Sorry, I don't fully buy in to your argument. Yeah, the NEA and the other useful idiots in education have attempted to wreck the whole system but there's still a lot of quality young people who could be trained properly to be very useful for any organization. Too many folks in this country have bought into the media created fantasy about our young men and women, the vast majority of whom are looking to be productive workers, parents and community leaders. The bottom line is the usual culprit.....pure greed and it's been the case since NAFTA, GATT, etc. and the rest of these alleged free trade agreements.

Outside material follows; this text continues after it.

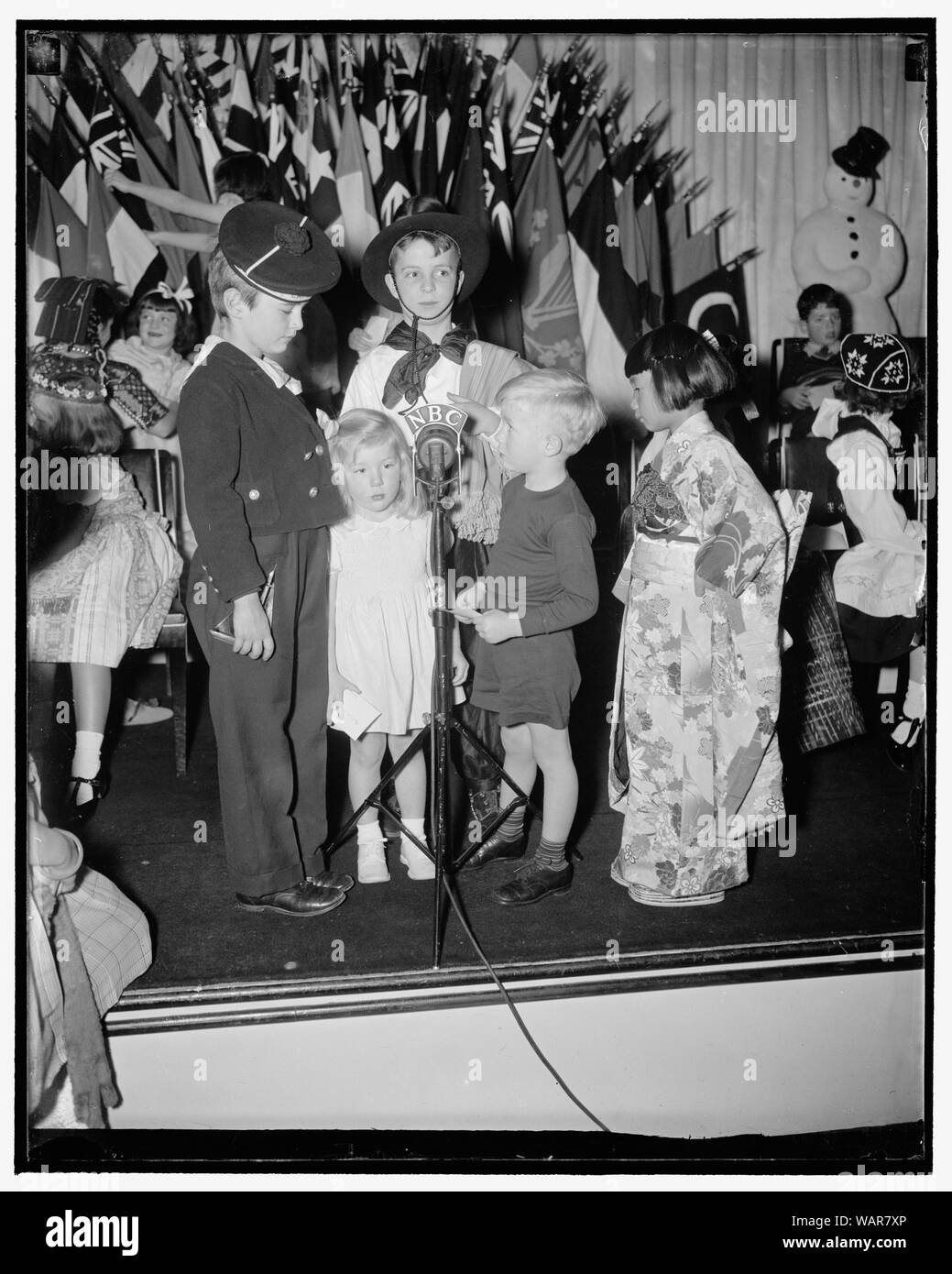 Bambini diplomatica broadcast di auguri di Natale. Washington D.C., dic. 20. Auguri di Natale in tutte le lingue sono state trasmesse in tutto il mondo oggi dai piccoli figli e figlie di diplomatici stranieri che partecipano a livello internazionale annuale per bambini Programma di Natale in scena dal National Broadcasting Co. Per la prima volta due bambini nordamericani. Marcus e Melissa Woodring, il figlio e la figlia del segretario di guerra e la Sig.ra Harry Woodring, ha preso parte alla trasmissione. Da sinistra a destra, si vede: Carlo Lombardo, figlio del francese addetto militare e Mme. Il lombardo; Nicolaii Machado, figlio del Magg. Un Foto Stock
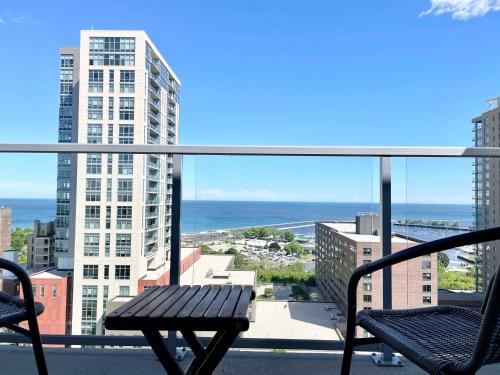 un balcone con due sedie e vista sull'oceano di Luxury Penthouse Apt Near Brady St with Balcony and Lake View a Milwaukee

We've seen numerous products offshored to factories paying a fraction of what Americans used to make but as these products re-enter our retail markets, have the prices decreased because of the steep decline of production?....hell no they haven't! In fact, many products being made by virtual slave labor cost more than ever, including clothes, food, household goods, etc. It's nothing more than a massive hollowing out of our middle class and entire economy. So enjoy it while it lasts amigo because this whole charade will not last a whole lot longer. Oh yeah, I've owned a small business for over 20 yrs. and have hired nothing but Americans and I'll be around a lot longer than a lot of these offshore experts.
At 70¢ per hour (including benefits), no, you probably can't.
But these Indians are educating themselves at our universities. I think it has more to do with desire. The Indians are simply hungrier. Americans have grown fat and lazy, partially due to our success and partially due to socialism (notice we're not talking about the EU).
Please, please, tell me how the better US education system would provide IT engineers able to support themselves at 10K a year? I know as a true freetrader you will not answer this basic question, so I am not holding my breath.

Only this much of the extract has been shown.